The Java Drive-By or Java applet Attack is considered as one of the most popular and successful methods for compromising a system. Its Popular because its very easy to set up and it affects all the platforms. A Java Drive-By is a Java Applet that is coded in Java and is put on a website. Once the victim views the cloned website a pop-up box will appear saying that his java version is out of date "click run to update" Usually the victim clicks thinking it going to update his Java, but in the background it will download a program off the Internet.

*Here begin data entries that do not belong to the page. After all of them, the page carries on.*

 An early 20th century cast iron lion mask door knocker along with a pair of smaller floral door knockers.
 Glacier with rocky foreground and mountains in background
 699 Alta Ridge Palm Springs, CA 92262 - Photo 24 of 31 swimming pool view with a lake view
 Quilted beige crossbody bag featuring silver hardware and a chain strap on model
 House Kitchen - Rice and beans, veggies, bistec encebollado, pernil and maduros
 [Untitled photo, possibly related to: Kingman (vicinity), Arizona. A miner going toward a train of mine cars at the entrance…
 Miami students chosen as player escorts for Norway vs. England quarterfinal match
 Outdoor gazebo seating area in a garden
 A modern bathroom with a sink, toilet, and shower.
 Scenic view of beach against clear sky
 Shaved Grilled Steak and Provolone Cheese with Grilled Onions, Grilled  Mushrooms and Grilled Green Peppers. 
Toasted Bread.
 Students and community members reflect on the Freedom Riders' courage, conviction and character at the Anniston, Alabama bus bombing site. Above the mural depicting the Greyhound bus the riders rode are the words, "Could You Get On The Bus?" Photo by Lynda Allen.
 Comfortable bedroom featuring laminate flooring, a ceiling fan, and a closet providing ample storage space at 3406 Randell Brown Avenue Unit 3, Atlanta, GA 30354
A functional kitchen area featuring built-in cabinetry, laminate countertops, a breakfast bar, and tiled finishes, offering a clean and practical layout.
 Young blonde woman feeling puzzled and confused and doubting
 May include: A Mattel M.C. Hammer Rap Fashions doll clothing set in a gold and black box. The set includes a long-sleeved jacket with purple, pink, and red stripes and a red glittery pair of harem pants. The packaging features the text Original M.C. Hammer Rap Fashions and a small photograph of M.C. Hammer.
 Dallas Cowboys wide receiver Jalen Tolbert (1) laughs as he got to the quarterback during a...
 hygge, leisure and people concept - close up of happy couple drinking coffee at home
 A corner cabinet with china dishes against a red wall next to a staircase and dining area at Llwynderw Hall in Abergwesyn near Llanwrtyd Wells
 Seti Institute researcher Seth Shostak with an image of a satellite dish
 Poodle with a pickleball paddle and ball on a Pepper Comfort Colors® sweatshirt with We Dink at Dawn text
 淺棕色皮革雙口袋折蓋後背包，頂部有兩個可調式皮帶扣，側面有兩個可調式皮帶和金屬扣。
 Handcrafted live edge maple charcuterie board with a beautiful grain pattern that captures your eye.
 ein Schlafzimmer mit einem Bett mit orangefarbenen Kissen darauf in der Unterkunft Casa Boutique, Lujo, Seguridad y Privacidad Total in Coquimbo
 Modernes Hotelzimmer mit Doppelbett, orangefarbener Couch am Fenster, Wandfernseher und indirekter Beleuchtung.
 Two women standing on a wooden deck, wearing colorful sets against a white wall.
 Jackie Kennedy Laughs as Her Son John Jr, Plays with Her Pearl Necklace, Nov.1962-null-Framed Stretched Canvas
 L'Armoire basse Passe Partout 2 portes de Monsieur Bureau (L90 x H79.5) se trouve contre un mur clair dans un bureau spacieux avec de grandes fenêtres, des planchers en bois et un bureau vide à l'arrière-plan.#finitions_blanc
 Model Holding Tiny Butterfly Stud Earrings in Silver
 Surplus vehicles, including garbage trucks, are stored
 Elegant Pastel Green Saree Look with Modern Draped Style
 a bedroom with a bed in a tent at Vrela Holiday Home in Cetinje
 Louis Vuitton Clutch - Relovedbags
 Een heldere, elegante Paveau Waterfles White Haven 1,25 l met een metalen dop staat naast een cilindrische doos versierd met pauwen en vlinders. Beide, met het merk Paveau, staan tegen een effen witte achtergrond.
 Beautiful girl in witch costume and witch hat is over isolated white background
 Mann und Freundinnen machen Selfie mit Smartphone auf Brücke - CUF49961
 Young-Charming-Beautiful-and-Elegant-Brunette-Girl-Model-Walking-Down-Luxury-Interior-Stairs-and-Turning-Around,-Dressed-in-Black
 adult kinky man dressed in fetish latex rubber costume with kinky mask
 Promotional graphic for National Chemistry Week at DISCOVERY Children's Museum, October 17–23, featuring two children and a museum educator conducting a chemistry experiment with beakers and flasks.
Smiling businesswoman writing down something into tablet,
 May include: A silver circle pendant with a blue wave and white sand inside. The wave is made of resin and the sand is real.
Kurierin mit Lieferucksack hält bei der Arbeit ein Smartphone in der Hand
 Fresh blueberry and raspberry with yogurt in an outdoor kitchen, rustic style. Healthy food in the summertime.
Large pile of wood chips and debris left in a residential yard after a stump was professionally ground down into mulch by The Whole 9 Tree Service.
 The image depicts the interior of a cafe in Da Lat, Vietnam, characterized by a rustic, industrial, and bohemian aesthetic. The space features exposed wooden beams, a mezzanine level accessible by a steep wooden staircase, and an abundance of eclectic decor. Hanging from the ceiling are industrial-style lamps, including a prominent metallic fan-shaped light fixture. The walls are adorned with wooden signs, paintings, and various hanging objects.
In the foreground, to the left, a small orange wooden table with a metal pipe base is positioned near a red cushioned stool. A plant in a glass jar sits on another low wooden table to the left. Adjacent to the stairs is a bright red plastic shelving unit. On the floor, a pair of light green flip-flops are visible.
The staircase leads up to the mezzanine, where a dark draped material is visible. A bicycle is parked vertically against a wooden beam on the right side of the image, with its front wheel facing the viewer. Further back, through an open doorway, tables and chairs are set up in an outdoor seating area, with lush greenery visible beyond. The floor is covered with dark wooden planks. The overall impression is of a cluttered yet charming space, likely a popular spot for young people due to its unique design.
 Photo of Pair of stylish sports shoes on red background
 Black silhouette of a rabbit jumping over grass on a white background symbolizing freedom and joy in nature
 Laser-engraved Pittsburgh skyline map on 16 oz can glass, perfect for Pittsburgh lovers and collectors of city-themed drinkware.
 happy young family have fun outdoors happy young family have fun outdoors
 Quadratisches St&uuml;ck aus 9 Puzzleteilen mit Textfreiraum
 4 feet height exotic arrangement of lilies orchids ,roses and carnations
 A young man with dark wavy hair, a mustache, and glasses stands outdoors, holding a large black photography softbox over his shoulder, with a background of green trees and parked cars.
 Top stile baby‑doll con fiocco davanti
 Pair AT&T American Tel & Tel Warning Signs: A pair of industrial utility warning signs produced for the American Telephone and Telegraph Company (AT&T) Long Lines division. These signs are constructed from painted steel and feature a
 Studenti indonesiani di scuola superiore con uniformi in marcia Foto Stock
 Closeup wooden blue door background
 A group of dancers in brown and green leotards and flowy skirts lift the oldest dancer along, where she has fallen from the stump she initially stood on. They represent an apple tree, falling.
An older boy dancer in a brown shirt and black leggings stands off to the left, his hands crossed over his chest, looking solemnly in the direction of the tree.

This program can be a Keylogger or a virus etc.
Things Needed :
1. Keylogger / RAT Server File - To infect the victim
2. Java Drive-By Package - You can download it from Here
3. A Web Hosting site - To host all your files online
Note : Please turn off Your antivirus when your downloading the Java Drive-by package
1. First Create free web hosting account at my3gb.com
2. Create Your Keylogger server file, And upload it to your hosting account which you created in the previous step and make a note of the URL
Example : www.keyloggerserver101hacker.my3gb.com
3. Now Extract all the files from Java Drive-By Package which you downloaded earlier and Open index.html2 in notepad search for "YOUR URL HERE" with out quotation marks , Replace it with the URL of the server file which you uploaded in step 2
Note : You need to replace the URL in two places as mentioned
4 .Now search for "http://101hacker.com" and replace it with the website you want the victim to be redirected and finally save it.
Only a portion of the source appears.